Available records:

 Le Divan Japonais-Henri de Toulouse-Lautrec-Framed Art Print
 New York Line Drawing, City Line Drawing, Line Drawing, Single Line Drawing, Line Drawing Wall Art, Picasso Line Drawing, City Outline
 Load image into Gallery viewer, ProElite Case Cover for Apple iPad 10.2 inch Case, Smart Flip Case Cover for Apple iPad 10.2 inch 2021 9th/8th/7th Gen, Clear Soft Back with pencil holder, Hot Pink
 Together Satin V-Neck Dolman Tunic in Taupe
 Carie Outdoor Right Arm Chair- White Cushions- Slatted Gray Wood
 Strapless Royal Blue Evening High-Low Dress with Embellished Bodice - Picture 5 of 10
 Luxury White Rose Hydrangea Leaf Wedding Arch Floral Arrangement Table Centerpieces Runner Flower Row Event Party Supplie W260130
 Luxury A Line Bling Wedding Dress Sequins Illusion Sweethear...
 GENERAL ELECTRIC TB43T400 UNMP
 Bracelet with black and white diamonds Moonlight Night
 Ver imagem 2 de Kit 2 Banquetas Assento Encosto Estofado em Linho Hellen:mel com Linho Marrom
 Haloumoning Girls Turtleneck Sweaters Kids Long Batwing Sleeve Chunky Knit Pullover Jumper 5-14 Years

Prompt:
Nothing in the records may change; output all of them exactly.

Solution for this problem:
 Le Divan Japonais-Henri de Toulouse-Lautrec-Framed Art Print
 New York Line Drawing, City Line Drawing, Line Drawing, Single Line Drawing, Line Drawing Wall Art, Picasso Line Drawing, City Outline
 Load image into Gallery viewer, ProElite Case Cover for Apple iPad 10.2 inch Case, Smart Flip Case Cover for Apple iPad 10.2 inch 2021 9th/8th/7th Gen, Clear Soft Back with pencil holder, Hot Pink
 Together Satin V-Neck Dolman Tunic in Taupe
 Carie Outdoor Right Arm Chair- White Cushions- Slatted Gray Wood
 Strapless Royal Blue Evening High-Low Dress with Embellished Bodice - Picture 5 of 10
 Luxury White Rose Hydrangea Leaf Wedding Arch Floral Arrangement Table Centerpieces Runner Flower Row Event Party Supplie W260130
 Luxury A Line Bling Wedding Dress Sequins Illusion Sweethear...
 GENERAL ELECTRIC TB43T400 UNMP
 Bracelet with black and white diamonds Moonlight Night
 Ver imagem 2 de Kit 2 Banquetas Assento Encosto Estofado em Linho Hellen:mel com Linho Marrom
 Haloumoning Girls Turtleneck Sweaters Kids Long Batwing Sleeve Chunky Knit Pullover Jumper 5-14 Years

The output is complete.